Automated root cause analysis is finally here
The rise of Kubernetes has been swift and it’s the go-to system for containerised applications for many startups and corporations alike. By its very nature, it’s core to many of the key processes for these companies and their applications. It makes any problems with Kubernetes a potentially massive nightmare for developers to need to deal with. As a consultant, I’ve seen clients lose their heads when something goes wrong with their setup.
Every company should have fallbacks and ensure maximum resilience for such important infrastructure. Komodor recently revealed their new Workflows feature just before Kubecon 2021, and the potential impact on developers looks incredible. The idea is to democratise troubleshooting of Kubernetes problems.
Other companies have claimed to do this in the past, but Komodor seems to be the first to really deliver. They only came out of stealth six months ago and already have been named a Gartner Cool Vendor 2021. Before you make any big plans about how you’re going to manage your Kubernetes in the future, it’s worth learning more about Workflows and deciding if it’s right for you.
How it works
There’s one important thing to note right at the start, Komodor Workflows isn’t going to take over your systems and potentially implement fixes that will break your system. Instead, it’s going to monitor your system and offer you solutions when something goes wrong. You still have all the power.
For those unfamiliar with the existing Komodor product, it essentially is a way to track everything across your K8s system. You can zoom into specific namespaces or clusters for example so you see a full timeline including deployments and health changes. This gives you the context you need to troubleshoot effectively with the information organised for you.
The new Workflows feature builds upon this and uses the signals created by the application to detect Kubernetes issues and take them through a preconfigured workflow. It runs through the normal checks a developer would have to do to work out what the underlying root issue is and uses this to give detailed instructions for what needs to be done.
The beauty of this is when a Kubernetes expert is unavailable, there’s no need to panic. The workflows contain vast amounts of troubleshooting steps that even the most experienced developers would struggle to match. There are no issues with privileges either. Rights issues can sometimes slow down human troubleshooters if they don’t have access to the offending code but Workflows will have this by design. If you’re a DevOps leader, I feel sorry for you because I know all of these tasks would normally land at your feet regardless of how big or small they are. Workflows may turn out to be your best friend.
Why it is such a game-changer
The checks automated by Komodor’s Workflows would normally take days and require immediate attention from developers pulling them away from whatever they were working on. During this time multiple teams could be affected and drag down productivity across the board. From a business perspective, this is money down the drain. For a developer, it’s even more pressure to deliver the things they were originally working on as timelines are rarely adjusted for emergencies.
When I heard about the feature, initially I was a sceptic. Sure, it would automate things but would it really save that much time? I was completely wrong and in demos, they were getting solutions to problems in under a second. Yes, it still needs someone to carry out the steps but that’s usually the easy bit relative to the normal root cause analysis.

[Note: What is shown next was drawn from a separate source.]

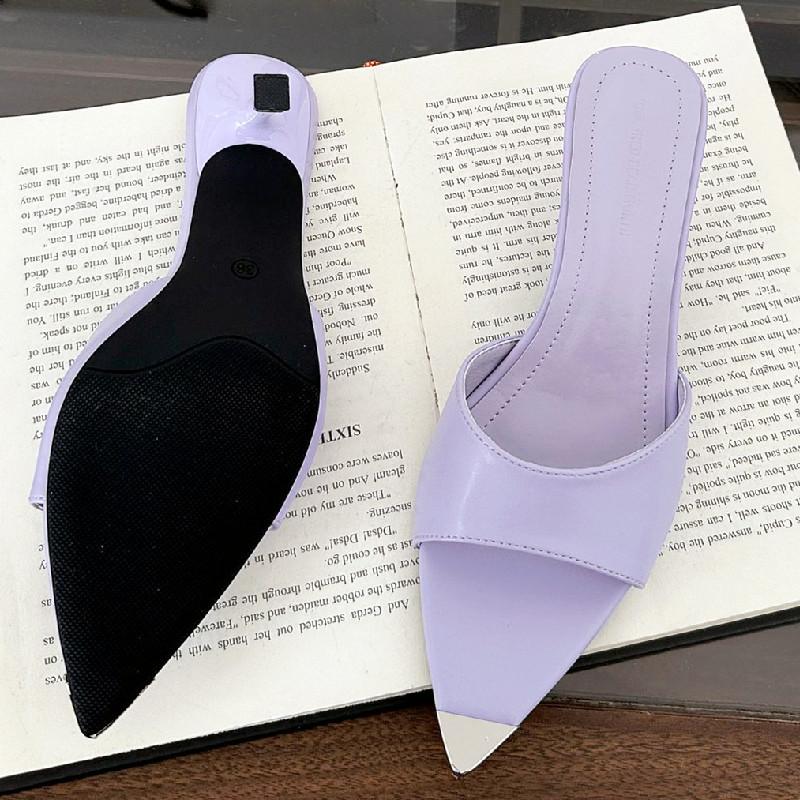 Fashion High Quality Pointed Toe Shallow Women Sandals Fashion Open Toe Thin Heel Slide Sandals Elegant Simple Comfortable Designer Shoe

Built with organisational structure in mind
The best thing about Komodor’s approach is that they give full transparency behind why different actions are suggested. It means someone senior within the team can always validate the decision and offer quality assurance. In this way, you’ll never be left scratching your head as to why Workflows gave you the answer it did. This makes it a safer investment because you know it can’t become a single point of failure. It can be a good way for junior developers to increase their understanding of how to troubleshoot too.
The killer feature for the future is the ability for companies to create their own playbooks. It means companies can customise their suggested solutions and add steps that are unique to their own businesses. I believe this feature will remove any hesitation from internal tech teams as it becomes a way to stop them from repeating efforts on the more difficult issues.
Workflows are built by developers for developers and it’s impressive to see the attention to detail taking into account the reality of how teams work. No company wants to be held hostage by software that no one can understand and Komodor has gone out of its way to ensure humans always have control. This greatly lowers the risk and should mean more companies begin to use it as part of their K8s best practice processes.